The IRS isn't keeping you from anything that you have a right to. Your statement to the contrary is simply false.


There are no rules in any market. There is the appearance of rules, but they are honored in the breach. If you don't protect your own self you are simply out of luck.


You are not required to trust this or any other governhment. Go wherever you please if you don't like it here. Please write and tell us whether your next location is any better.


 

Odds and Odds Makers

Question, what exactly constitutes a good investment? Next what garranties does the market offer? Next how does one use their hard earned money if it's  unable until you no longer need it or your no longer alive. Not everyone lives to use their retirement money nor does a great opportunity come along everyday. So I'm suppose to be okay with the IRS doing everything in their power to keep me away from what rightfully belongs to me? All due to what I might or might not be able to pay in taxes in the next 15 years... who knows what we're going to have available then? All I know is I want to use it now to start a business I believe in now...so what is the real problem here.... Laws, rules and taxes the market,  won't assure my furture nor will the Government or the banks or the IRS all we have is ourselves....that's it! So you want to take that away too...??? And all in the name of playing by the rules? Who's rules??? If I want to use the money I have in my 401K to start a business and I believe in it and don't plan to or attempt to misuse the money for anything other then business....than what is the problem? Oh yeah that's right you can't trust me we are alol thieves and just can not be trusted...but we must trust you the government and the banks...yeah right!!!

Moved: Off Topic

This comment was off the topic of this article and has been moved to our forum area, here.

"Legality" is not the right word

I agree that the subjects raised by Mr. Carpenter do not deal with the merits of buying a franchise but I don't think the issue is one of "legality" either.

Mr. Steinberg said:

The legality of using 401(k) money to buy a franchise is the issue. That is what the IRS is concerned about.

The IRS is not suggesting that a ROBS transaction is "illegal." The IRS is simply saying that the substance of a typical ROBS transaction may require ignoring its "form." In other words, they are saying "You (the IRA 401(k) account holder)got the money and we want our taxes." Its that simple. So, while the form of the transaction is "legal" and not "illegal" the substance of the transaction is "taxable" and not "non-taxable." I would think it better if we used the term "taxable" instead of "illegal."

Re: ROBS: Franchised vs. non-franchised valuation

Thank you Mr.

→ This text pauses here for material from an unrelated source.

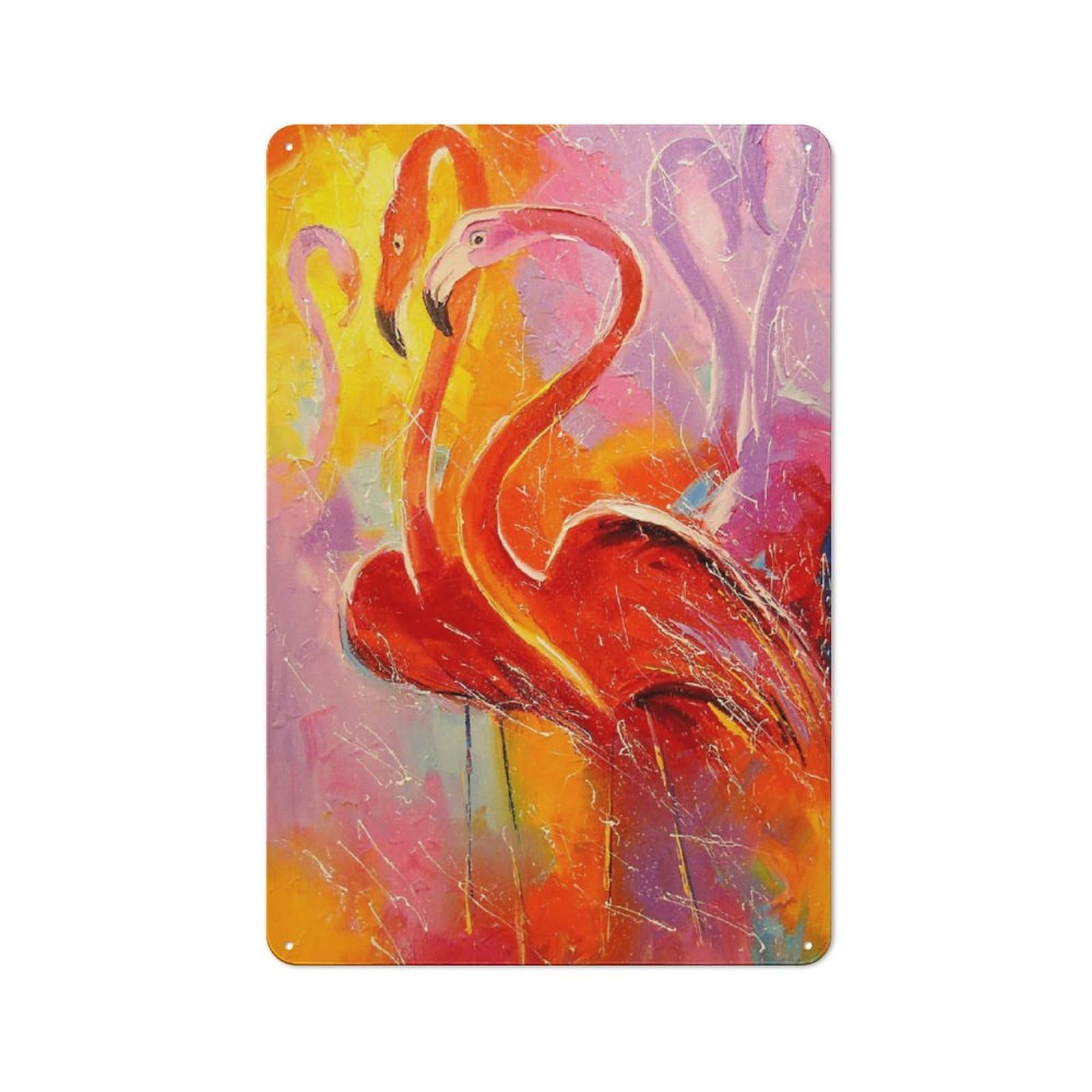 Junmoney Flamingo Tin Wall Plaque 30X20cm With For Workshop Wall, Suited To Makers And Diy Enthusiasts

Steinberg and, again, to Mr Carpenter and Mr Dobrow. I always enjoy a chat, even a virtual one, with folks that are smarter than I am.

With your refinement of this thread to focus on FRANCISE valuation people may begin to notice the real issue here - the unique nature of a franchised business operation, and the consequent unique valuation principles which may be irreconcilable when retirement plan monies are used to purchase a franchised business.

By the way Richard - Touche!

IRS Expert's Warning

We have to thank this IRS expert for this warning, that may be much too late for those who did use their retirment plan savings to invest in franchises, whose franchisors and agents indicated that their franchise would be eligible under the black letter law governing ROBS.

Will the franchisors or the administrators like Guidant be held responsible or liable under the law when the plan is not compliant with IRS laws. Or, will just the owner of the retirement plan be held liable for the 10% penalty, etc....and have no recourse under law for the misrepresentations of the Rollover Industry and the franchisors.

Obviously, those who profit from this arrangement, as identified by Mr. Dodrow, knew that access to these funds without the 10% penalty for early withdrawal would be a crowbar to access the piggy banks of the newly downsized, retired, and unemployed.

RE: IRS, Expert Give Warning to Rollover Industry

Guidant's decision to resume "selling" ROBS doesn't say anything about the content of this article. It only speaks to Guidant's opinion that the plans they install are within the confines of the black letter law. I think this article correctly points out that anyone who chooses to utilize their services needs to be aware that the product that Guidant and others are selling maybe legally flawed.

Paul Steinberg's picture

ROBS: Franchised vs. non-franchised valuation

Guest writes: By dead reckoning it is worth the liquidation value of the non-cash depreciating tangible and intangible asets of the corporation, including, of course, the wasting value of the term franchise agreement.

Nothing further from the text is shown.